It’s not news that high-quality data is an asset to any organization. Yet, companies still lose 15 to 25% of their revenue due to poor data quality. In the realm of AI, data and code (the model) are the most critical parts of any AI system. However, in AI projects, data is complicated to handle and curate, and as a result, ML teams spend a lot of time trying to optimize a model built on bad data.
In a recent Google research paper, the researchers reported that "data is the most undervalued and de-glamorized aspect of AI." The rise of data-centric AI is changing that perspective as data science teams begin to appreciate the impact high-quality data has on the outcome of a particular model. More likely, data science teams are coming to the realization that poor-quality data has detrimental effects on the outcome of their model.
Data-centric AI is a rapidly growing, data-first approach to building AI systems using high-quality data from the start and continually enhancing the dataset to improve the model's performance. Data-centric AI presents an approach to building AI where the model's accuracy is primarily dependent on the quality of data.

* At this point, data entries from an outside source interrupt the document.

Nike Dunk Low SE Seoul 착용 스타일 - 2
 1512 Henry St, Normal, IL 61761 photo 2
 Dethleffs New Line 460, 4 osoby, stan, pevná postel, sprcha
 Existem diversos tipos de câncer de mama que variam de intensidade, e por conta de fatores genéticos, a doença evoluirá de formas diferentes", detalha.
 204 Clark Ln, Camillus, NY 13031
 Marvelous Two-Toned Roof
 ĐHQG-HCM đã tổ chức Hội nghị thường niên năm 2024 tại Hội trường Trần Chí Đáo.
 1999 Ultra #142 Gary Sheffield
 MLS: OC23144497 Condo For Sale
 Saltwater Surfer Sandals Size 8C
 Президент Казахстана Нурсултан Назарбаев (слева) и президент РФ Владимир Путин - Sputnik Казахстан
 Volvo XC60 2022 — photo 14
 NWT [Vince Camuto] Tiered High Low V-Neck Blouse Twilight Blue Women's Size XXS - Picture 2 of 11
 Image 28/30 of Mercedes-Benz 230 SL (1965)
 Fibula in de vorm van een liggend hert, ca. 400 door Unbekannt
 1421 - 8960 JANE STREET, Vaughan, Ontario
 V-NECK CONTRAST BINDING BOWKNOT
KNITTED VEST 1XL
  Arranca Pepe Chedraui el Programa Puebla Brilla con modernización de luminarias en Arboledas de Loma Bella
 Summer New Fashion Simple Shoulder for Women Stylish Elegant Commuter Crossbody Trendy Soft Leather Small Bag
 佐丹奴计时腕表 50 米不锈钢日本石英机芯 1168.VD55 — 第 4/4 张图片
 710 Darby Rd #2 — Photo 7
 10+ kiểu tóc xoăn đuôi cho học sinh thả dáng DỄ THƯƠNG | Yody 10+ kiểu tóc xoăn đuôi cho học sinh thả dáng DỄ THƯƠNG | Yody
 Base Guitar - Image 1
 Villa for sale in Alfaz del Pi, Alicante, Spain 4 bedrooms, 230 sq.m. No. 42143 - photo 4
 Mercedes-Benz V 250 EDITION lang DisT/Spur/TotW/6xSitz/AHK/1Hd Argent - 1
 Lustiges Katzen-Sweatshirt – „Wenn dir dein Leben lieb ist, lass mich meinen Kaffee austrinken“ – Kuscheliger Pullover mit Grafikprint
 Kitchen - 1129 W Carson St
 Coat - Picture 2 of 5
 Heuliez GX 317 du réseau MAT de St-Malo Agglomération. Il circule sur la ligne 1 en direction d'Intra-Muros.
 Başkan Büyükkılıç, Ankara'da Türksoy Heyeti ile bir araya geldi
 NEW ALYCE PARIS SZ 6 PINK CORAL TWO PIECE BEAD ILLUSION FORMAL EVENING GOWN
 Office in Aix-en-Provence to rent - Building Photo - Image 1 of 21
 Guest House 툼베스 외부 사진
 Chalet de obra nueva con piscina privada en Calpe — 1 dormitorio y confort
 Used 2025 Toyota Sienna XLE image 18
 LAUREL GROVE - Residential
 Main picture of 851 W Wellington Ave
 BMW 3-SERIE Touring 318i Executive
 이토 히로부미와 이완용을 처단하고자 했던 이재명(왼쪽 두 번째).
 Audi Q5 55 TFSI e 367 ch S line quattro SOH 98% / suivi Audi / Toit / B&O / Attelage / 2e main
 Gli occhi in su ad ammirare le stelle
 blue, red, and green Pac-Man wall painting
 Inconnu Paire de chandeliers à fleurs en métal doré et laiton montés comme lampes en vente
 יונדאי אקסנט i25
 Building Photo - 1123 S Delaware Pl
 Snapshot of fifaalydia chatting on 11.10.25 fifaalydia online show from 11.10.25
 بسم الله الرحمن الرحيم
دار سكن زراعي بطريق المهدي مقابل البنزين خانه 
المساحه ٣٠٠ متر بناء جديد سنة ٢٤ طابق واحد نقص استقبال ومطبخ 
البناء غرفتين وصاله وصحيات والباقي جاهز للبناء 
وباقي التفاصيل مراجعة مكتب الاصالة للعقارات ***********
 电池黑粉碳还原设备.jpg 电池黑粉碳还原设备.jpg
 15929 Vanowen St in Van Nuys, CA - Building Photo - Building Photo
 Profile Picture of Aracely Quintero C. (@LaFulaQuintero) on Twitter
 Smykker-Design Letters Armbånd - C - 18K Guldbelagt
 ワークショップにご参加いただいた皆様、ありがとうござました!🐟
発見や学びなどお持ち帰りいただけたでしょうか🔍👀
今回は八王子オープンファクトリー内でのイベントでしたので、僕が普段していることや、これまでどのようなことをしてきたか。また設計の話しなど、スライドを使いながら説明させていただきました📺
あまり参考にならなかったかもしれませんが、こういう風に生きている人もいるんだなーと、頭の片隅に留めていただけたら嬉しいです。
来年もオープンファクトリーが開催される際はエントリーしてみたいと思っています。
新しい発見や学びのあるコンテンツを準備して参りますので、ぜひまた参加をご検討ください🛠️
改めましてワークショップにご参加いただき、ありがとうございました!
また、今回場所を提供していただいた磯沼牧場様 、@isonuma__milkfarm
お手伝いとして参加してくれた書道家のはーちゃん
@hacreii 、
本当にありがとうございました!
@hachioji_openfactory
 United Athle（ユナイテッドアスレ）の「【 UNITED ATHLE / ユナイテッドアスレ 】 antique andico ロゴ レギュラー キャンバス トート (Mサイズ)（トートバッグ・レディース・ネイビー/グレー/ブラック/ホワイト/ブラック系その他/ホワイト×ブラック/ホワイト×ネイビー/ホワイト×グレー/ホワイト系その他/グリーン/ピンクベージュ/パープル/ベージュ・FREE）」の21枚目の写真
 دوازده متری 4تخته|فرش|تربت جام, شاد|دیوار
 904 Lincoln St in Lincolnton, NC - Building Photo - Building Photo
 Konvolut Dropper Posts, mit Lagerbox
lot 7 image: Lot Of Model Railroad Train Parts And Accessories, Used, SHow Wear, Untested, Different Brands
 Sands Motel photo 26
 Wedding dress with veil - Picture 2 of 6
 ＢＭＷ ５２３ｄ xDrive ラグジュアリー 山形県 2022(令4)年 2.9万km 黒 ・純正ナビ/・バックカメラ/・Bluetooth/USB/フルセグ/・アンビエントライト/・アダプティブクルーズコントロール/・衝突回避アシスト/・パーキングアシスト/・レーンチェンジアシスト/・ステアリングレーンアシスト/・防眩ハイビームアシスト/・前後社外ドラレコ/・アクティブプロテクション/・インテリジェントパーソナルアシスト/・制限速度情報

Contrary to the data-centric approach, the model-centric AI approach involves conducting experimental research to increase the performance of the ML model by improving the code, features, or configuration while maintaining the data. With the data-centric AI approach, you focus on improving the data as opposed to the code.
Instead of focusing on the code, companies should focus on developing systematic engineering practices for improving data in ways that are reliable, efficient, and systematic. In other words, companies need to move from a model-centric approach to a data-centric approach.
CEO & Founder
Experts like Andrew Ng are proposing a new way to approach AI by focusing on the data because constantly fine-tuning the model yields minimal improvements, especially if the model is running on inaccurate data.
An AI project relies on the training data, model, and configuration/code used to control the model. For a while now, the accuracy of AI systems has been dependent on the model and its configurations. The models are built based on the problem, and then the data is engineered to fit them. In the event that a current model does not solve the problem adequately, new models are developed to tackle the issue. This approach to building an AI system is "model-centric." If there were any focus on the data, it would be to increase the data size. While model optimization is essential, refining the data is likely even more critical.
To appropriately frame the problem and map an easier path to the data gathering, cleaning, and analysis process, data-centric AI demands close coordination with a complete data science team. The data-centric approach to artificial intelligence is to improve the consistency of labeled data and remove biases.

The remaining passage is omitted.